50 Rules of Modern Friendship Etiquette
On how to show up, communicate, make time, be curious, navigate difficult conversations, and be an all-around wonderful friend
I combed through my book, Modern Friendship, this newsletter, and the hundreds of articles I’ve written to bring you the definitive guide to modern friendship etiquette. Behold:

On Showing Up
Respond to a friend’s “bid for attention” — a text, a meme, a call — even if it’s brief. Ignoring these small gestures quietly erodes the foundation of a friendship.
Don’t wait to be invited. If you want to see someone, reach out first. Mutual waiting is one of the most common ways adult friendships quietly die.
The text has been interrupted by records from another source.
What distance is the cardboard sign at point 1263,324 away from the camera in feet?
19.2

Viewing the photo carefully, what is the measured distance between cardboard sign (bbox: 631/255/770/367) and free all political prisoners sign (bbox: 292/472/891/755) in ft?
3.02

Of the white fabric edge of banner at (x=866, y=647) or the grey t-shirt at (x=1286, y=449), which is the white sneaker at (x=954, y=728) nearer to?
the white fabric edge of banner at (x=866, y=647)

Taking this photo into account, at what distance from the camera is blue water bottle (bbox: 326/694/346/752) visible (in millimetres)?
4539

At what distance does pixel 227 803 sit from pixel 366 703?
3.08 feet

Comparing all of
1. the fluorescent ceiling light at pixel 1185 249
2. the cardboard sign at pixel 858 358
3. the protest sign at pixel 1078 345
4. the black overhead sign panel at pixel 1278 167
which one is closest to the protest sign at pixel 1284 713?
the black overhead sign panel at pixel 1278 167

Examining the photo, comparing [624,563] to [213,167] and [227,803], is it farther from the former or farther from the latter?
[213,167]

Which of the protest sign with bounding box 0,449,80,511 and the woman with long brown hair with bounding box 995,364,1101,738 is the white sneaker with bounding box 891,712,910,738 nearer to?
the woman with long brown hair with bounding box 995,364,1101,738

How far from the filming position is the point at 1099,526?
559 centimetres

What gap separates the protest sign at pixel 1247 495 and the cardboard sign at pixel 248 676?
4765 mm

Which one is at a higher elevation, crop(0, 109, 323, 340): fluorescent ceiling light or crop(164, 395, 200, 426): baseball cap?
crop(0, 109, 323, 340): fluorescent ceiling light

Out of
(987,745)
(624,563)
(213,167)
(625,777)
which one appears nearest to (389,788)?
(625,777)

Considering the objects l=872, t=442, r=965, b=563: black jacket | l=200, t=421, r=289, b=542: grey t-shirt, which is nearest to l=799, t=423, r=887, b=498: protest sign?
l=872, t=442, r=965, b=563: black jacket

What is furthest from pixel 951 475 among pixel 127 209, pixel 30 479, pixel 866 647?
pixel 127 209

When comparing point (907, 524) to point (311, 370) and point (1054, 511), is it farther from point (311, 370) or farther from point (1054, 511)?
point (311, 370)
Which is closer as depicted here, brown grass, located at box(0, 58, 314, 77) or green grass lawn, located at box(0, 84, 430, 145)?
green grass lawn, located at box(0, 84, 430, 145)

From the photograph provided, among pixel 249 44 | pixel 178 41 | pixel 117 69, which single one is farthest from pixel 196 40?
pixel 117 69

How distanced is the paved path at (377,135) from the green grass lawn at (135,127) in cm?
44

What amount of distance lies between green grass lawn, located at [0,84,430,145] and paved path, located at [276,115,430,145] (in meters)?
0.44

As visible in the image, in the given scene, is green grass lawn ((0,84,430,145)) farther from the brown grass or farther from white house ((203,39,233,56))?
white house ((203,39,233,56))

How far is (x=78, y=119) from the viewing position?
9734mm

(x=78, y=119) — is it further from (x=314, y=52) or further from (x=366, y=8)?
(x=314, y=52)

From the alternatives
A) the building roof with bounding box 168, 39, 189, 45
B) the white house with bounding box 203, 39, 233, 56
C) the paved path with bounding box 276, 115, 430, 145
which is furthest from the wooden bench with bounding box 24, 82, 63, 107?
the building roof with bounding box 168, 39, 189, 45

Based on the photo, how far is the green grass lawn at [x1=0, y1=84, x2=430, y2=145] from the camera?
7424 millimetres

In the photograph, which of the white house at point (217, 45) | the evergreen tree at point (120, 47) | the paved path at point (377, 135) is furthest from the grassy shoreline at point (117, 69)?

Show up in the small moments, not just the big ones. Consistent, low-stakes check-ins matter more than grand gestures at milestones.
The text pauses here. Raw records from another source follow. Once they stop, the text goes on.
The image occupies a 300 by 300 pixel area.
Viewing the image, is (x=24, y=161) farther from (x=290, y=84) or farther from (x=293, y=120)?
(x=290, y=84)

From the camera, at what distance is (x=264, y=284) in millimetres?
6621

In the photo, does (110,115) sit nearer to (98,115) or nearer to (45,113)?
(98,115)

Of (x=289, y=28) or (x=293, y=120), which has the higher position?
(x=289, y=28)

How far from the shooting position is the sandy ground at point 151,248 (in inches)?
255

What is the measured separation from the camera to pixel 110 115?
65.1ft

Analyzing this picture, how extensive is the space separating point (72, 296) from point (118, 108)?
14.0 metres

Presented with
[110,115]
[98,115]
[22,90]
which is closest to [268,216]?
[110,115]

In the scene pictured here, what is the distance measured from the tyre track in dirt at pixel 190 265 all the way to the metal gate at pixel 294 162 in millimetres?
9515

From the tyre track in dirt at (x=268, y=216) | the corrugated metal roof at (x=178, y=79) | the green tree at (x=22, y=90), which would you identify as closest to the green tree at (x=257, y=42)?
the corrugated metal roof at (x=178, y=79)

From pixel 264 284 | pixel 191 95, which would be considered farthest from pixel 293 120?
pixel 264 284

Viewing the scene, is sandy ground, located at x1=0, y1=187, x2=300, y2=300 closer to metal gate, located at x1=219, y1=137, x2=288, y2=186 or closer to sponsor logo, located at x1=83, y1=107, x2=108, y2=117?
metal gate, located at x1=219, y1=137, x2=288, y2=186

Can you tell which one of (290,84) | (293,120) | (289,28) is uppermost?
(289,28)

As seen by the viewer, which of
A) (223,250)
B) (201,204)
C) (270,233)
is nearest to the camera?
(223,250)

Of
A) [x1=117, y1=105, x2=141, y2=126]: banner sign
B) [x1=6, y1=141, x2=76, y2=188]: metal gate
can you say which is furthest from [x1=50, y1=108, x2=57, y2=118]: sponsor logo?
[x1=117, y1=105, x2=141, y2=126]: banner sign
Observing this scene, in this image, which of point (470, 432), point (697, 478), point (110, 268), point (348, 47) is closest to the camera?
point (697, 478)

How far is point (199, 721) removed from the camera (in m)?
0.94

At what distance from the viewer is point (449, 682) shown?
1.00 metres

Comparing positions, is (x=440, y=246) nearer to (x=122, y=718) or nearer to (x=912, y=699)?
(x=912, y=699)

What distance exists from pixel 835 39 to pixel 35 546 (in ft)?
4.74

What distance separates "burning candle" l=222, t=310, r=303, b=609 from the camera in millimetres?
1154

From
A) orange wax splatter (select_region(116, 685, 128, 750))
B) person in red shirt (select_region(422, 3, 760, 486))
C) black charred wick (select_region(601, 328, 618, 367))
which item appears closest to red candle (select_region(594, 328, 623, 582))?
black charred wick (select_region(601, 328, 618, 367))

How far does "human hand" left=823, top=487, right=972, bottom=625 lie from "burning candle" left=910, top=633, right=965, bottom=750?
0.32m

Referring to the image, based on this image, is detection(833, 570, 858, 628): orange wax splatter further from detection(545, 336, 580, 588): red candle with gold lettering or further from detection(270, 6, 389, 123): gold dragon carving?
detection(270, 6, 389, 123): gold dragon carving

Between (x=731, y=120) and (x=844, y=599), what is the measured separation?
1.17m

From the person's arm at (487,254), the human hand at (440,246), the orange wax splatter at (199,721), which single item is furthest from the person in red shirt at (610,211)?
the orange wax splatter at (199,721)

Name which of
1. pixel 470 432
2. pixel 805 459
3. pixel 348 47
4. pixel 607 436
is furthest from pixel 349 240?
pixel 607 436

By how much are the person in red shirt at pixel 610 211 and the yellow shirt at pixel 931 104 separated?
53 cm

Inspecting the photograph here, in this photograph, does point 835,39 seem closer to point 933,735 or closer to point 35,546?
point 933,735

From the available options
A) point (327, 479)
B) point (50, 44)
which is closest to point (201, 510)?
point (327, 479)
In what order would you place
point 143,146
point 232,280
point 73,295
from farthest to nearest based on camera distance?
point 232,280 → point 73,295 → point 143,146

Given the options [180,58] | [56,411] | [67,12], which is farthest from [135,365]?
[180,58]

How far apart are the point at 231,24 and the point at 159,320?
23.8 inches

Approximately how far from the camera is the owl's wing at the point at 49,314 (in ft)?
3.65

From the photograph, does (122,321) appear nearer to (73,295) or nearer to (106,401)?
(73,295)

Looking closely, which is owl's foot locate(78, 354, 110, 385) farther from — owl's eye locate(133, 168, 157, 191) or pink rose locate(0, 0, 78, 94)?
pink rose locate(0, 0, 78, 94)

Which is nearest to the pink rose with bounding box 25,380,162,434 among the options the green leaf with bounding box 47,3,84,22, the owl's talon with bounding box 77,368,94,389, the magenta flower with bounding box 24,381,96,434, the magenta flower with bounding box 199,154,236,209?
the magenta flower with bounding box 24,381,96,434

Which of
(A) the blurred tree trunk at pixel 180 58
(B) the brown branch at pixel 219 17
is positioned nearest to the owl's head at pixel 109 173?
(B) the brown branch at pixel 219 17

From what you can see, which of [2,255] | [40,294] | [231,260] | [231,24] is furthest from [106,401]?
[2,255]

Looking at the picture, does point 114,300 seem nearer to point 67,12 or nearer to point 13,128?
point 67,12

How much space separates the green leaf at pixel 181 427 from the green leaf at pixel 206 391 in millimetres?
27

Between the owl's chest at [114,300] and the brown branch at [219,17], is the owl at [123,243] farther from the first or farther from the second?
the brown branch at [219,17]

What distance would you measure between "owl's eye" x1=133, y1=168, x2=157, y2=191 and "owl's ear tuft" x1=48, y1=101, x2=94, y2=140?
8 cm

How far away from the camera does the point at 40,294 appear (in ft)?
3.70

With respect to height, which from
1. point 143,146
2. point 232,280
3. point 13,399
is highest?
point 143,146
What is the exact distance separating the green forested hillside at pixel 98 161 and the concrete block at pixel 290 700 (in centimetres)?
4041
When a friend is going through a hard time, don’t disappear because you don’t know what to say. Saying “I don’t know what to say, but I’m here” is enough.
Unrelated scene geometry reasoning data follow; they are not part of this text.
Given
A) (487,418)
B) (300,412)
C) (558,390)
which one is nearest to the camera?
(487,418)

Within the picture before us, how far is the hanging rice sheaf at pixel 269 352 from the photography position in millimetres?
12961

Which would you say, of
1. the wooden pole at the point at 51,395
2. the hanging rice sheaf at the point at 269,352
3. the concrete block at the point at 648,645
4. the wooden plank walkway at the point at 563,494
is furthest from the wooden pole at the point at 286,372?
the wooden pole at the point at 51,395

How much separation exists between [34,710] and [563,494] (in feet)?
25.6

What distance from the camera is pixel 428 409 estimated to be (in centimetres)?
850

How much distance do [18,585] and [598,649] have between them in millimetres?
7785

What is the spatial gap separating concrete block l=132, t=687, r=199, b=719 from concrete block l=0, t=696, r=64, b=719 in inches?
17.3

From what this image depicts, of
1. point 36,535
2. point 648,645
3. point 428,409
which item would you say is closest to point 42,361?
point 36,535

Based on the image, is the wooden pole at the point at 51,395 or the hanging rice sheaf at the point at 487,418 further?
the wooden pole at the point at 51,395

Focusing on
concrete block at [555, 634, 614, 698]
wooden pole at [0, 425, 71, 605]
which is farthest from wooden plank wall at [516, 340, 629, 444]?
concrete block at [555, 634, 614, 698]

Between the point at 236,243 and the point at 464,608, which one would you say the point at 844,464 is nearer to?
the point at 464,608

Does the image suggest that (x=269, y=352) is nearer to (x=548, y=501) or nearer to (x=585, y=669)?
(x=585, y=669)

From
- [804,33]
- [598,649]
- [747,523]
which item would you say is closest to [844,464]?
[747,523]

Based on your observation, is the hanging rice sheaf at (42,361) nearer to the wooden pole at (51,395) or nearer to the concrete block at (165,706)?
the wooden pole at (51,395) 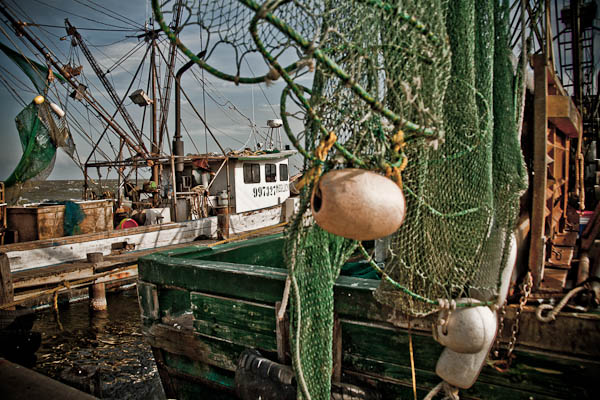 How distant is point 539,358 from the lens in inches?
83.6

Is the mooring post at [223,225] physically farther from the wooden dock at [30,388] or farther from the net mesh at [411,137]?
the net mesh at [411,137]

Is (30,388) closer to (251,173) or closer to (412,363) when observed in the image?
(412,363)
Honor the plans you make. Frequent last-minute cancellations signal to a friend that they are not a priority.
On Communication
Be direct about what you want from a friendship. Ambiguity is one of the biggest friendship killers in modern life — clarity is a kindness. That can look like, “Will you be my running buddy?” Or, “You’re one of my best friends and I want to keep our friendship going forever, just FYI!”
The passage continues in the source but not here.